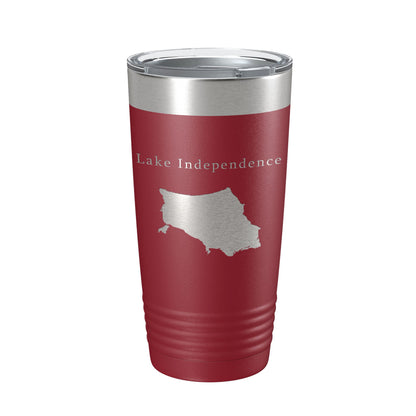 Lake Independence Map Tumbler Travel Mug Insulated Laser Engraved Coffee Cup Michigan 20 oz-18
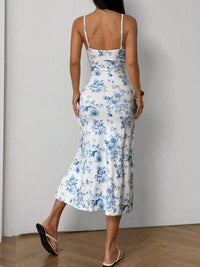 Porcelain Bloom Ruched Slip Dress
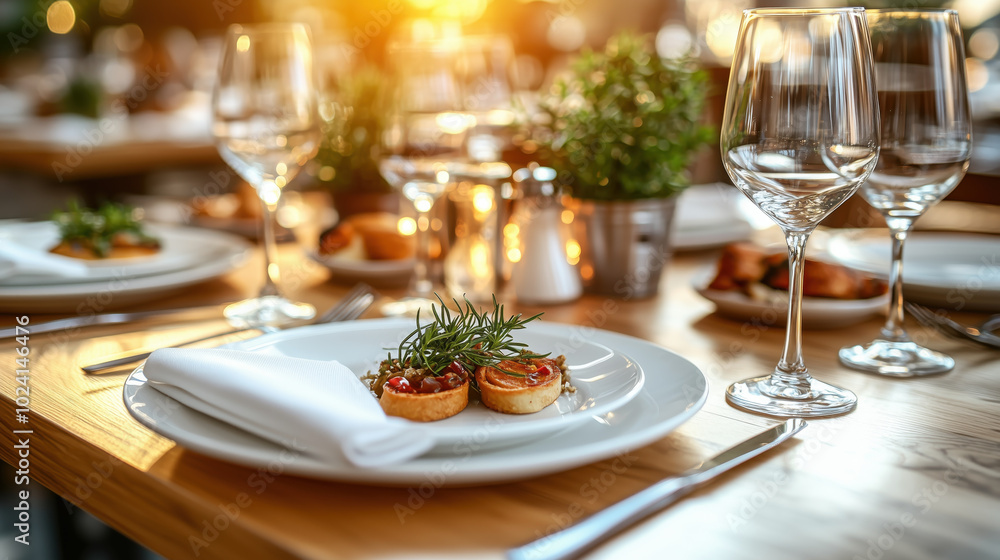 Elegant dining setting with gourmet dish and wine glasses, perfect for special occasions Elegant dining setting with gourmet dish and wine glasses, perfect for special occasions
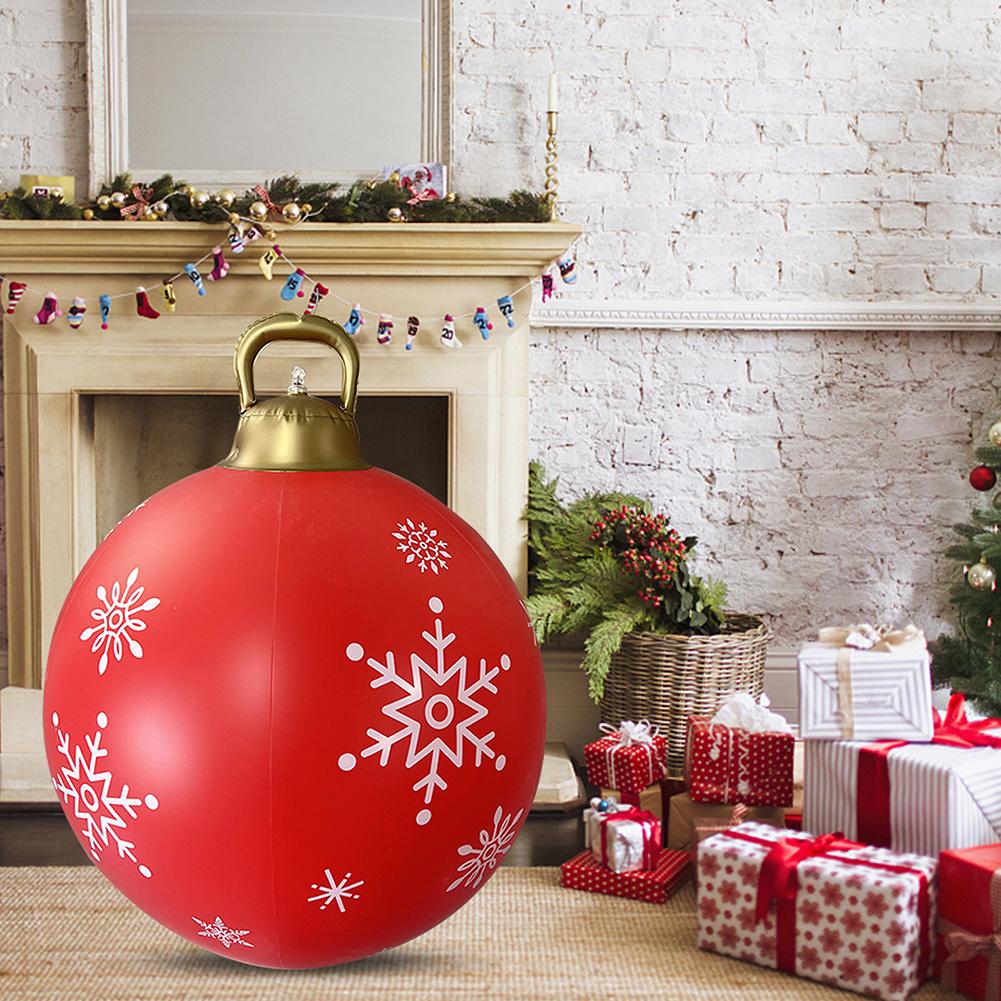 24 Inch Light Up PVC Inflatable Christmas Ball Large Outdoor Decorated Ball with Lights Christmas Decorations Ball Holiday Decor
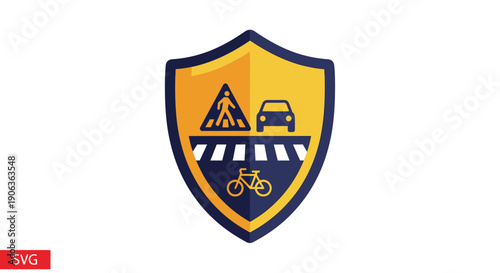 Road Safety Shield Icon - Pedestrian, Car, Bicycle Crossing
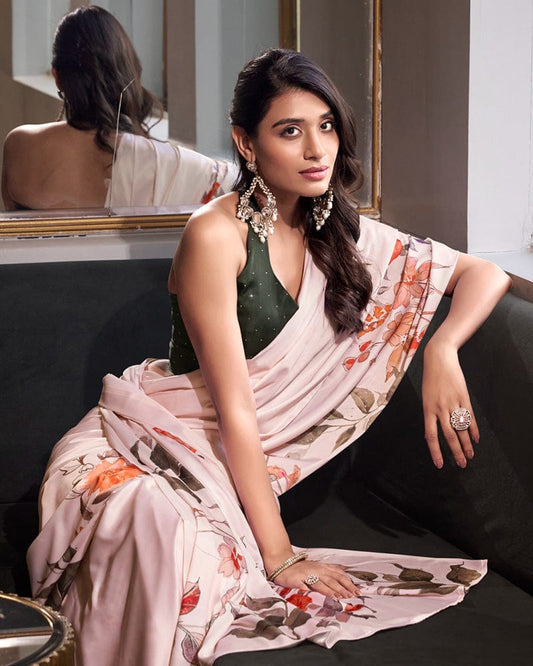 Off White Color Satin Silk Printed Saree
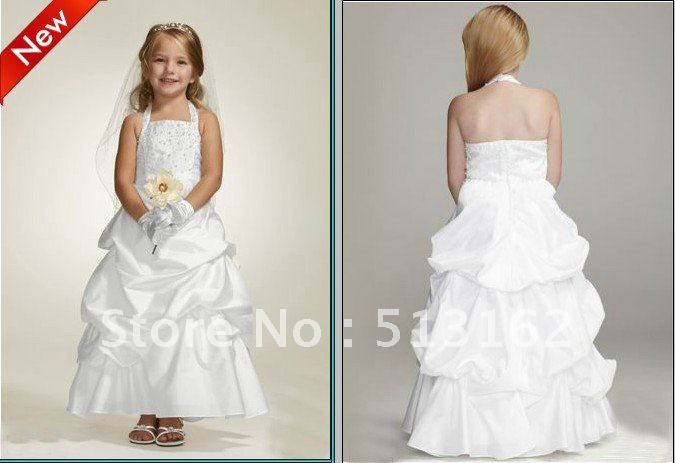 2012 Best Selling Taffeta Floor Length Halter and Beaded Ball Gown Flower Girl Dresses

+===+

■ **Task details**
Output all entries unchanged; skip the pictures.

■ **Your response**
 Lake Independence Map Tumbler Travel Mug Insulated Laser Engraved Coffee Cup Michigan 20 oz-18
 Porcelain Bloom Ruched Slip Dress
 Elegant dining setting with gourmet dish and wine glasses, perfect for special occasions Elegant dining setting with gourmet dish and wine glasses, perfect for special occasions
 24 Inch Light Up PVC Inflatable Christmas Ball Large Outdoor Decorated Ball with Lights Christmas Decorations Ball Holiday Decor
 Road Safety Shield Icon - Pedestrian, Car, Bicycle Crossing
 Off White Color Satin Silk Printed Saree
 2012 Best Selling Taffeta Floor Length Halter and Beaded Ball Gown Flower Girl Dresses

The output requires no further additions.